Dear Professor Sanders,

I know you'll think it's dumb to send you a card, but happy Father's day. I took your advice and sent one to the Chief, too, but I chickened out, it's a funny card. He'll probably hate it.

I really like it here. Florida's totally different from New York, at least the parts I've seen. I've been in the dorm area and at the test lab most of the time, but Cassie and some of the others have cars and take us places. I'm not really thrilled by joyriding the way they are because remember the side effect of the medicine the Chief makes me take? Blech. But they go "scouting" and then come back for the rest of us. We go to the beach a lot, and I go in the pool really often, and I swim for part of the workout time the Chief makes me do. 2 hours is a long time! I bike to the lab every morning, too. There's a gym right here on campus, and a lot of the time I'm the only one using it, so I can bring my walkman and play whatever. I like that D.M. tape you gave me, even if that type of music is cornball, but it's pretty fun stuff. I wear my walkman when I jog, and I do that in the morning, real early before it gets hot. You wouldn't believe how badly I roasted the first few days, but now I'm just tan. They're all older than me, so they all made a fuss and everything when I got sunburned, like I was the first one ever. You know what's funny is that after I'd been here about three days, I got a dull headache and it was hard to breathe, and I thought I was sick, but Cassie got it too, and this girl Caroline said it was just our bodies recovering from the pollution in New York City because it had finally got out of our systems. That's pretty scary, I mean, you can't not breathe when you go home, right?
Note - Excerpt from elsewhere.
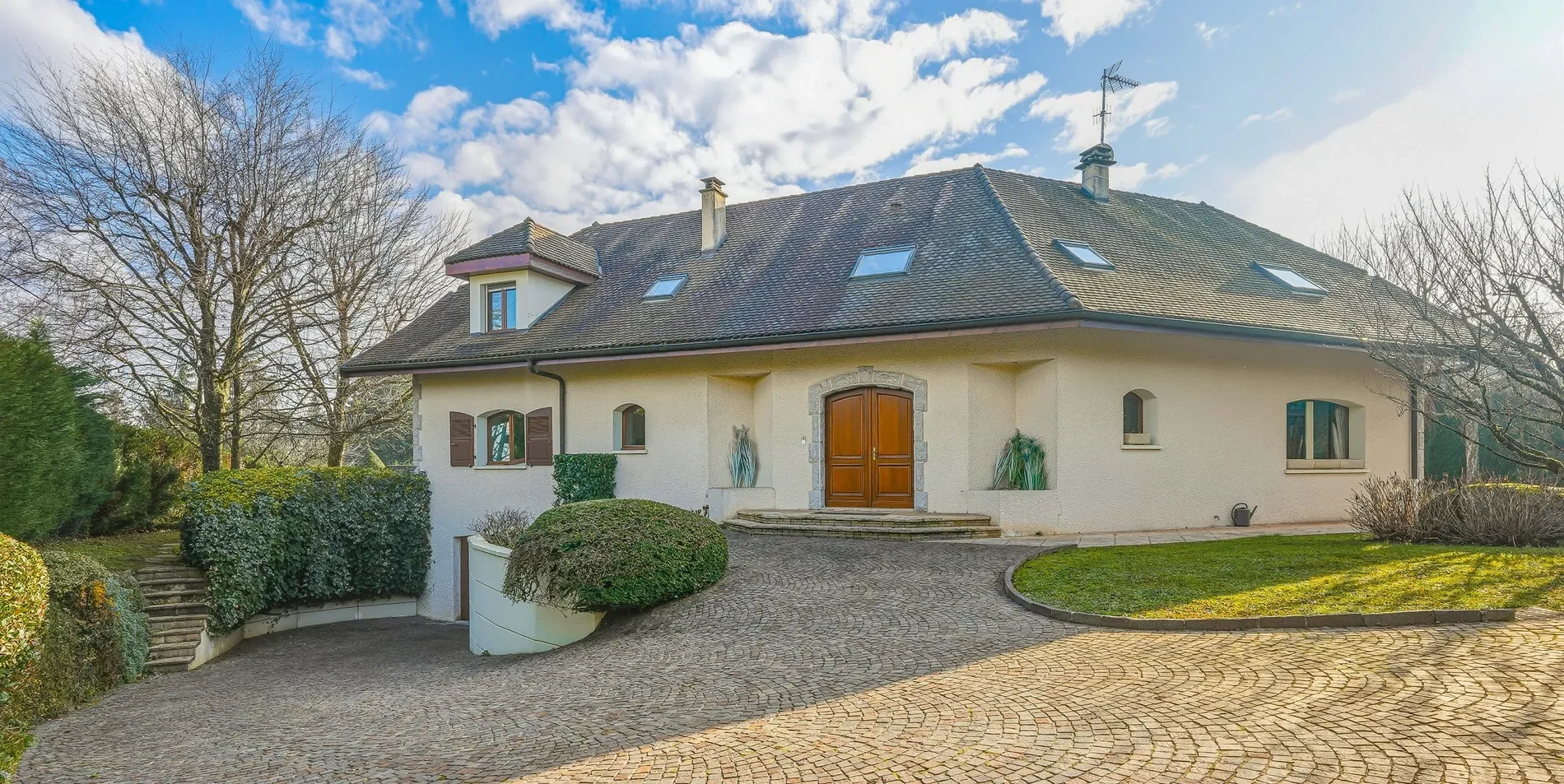 Exterior photo 2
Everyone else here is in college or grad school. There's twelve guys and three girls, which I thought was odd, but the coordinator said he was glad so many girls got in. Maybe he said "women." They're real sensitive about that here. They talk about why there aren't enough women in engineering and what they can do to encourage them and so on. I guess I figured science was a guy's subject and English was for girls. History's kind of like both.
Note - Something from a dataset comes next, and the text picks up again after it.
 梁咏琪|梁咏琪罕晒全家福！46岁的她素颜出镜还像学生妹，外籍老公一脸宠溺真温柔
Anyway, I'm really glad I got the internship because I'm involved in a real neat project they're doing to improve electric cars--why not use the brakes to help recharge the battery? It'll give the cars 15% more battery life, which on such a low-range vehicle means a lot. The hardest part is integrating that system with the ABS because the electric cars are all rear-wheel drive so they tend to skid more and you're relying on the ABS system to pick up if that's happening (bored yet?) but the supervisors and the real engineers are thrilled at "saving" the "wasted" energy. The classes we're taking are really hard, I can follow the concepts, but I'm totally lost on the math. No one warned me it'd be all calculus. Richard, he's my roommate, helps me a little, but I'm never going to get it. Richard doesn't like studying either, and he's just graduated college, so that ends my theory that studying gets easier when you get older. I guess when Mark likes it, it's really a character flaw. I talked to everyone at home a few times last week, and they said they missed me, but I don't believe it. Mark's learning to drive too, and he's taking airplane lessons! Now the only safe place will be underground. I wonder how he managed to get that out of the Chief? He's got an office job for the summer. Tiny does too, data entry. He said it's boring and all you do is type numbers with one hand and hit tab with the other for eight hours. Princess is taking music lessons, and Keyop's going to daycamp on Long Island.

Have you thought about that terrorist business the Chief told me? I've had a few dreams about that rose-woman, only I can't hear her voice. It unnerves me when she talks, but I don't understand what she's saying, so am I dreaming in Italian so I can't understand? It's freaky. I didn't think a detail like who killed my father could change what I thought of him, but it has. I can't remember what I used to imagine, but now I get a picture of a man dabbling in the underworld, a James Bond type, a fugitive from the people he's investigating.

Anyway, I think that's it. It's hard to write letters. I may just call you sometime. Did I tell you they're paying us to be here? We get paid for the time we work, and the room and board and classes are all full scholarship. I had no idea, I mean, I'd have paid to come here. The Chief's taking everyone for a visit soon, by the way. July 4th weekend, they're going to Washington and act like tourists, and then they'll come here. I'm not sure what they want to do, although Keyop wants to go to the amusement park, which'll be massively fun if the Chief makes me keep taking the medicine, right? Oh well. This letter's too long and it's late already. Bye!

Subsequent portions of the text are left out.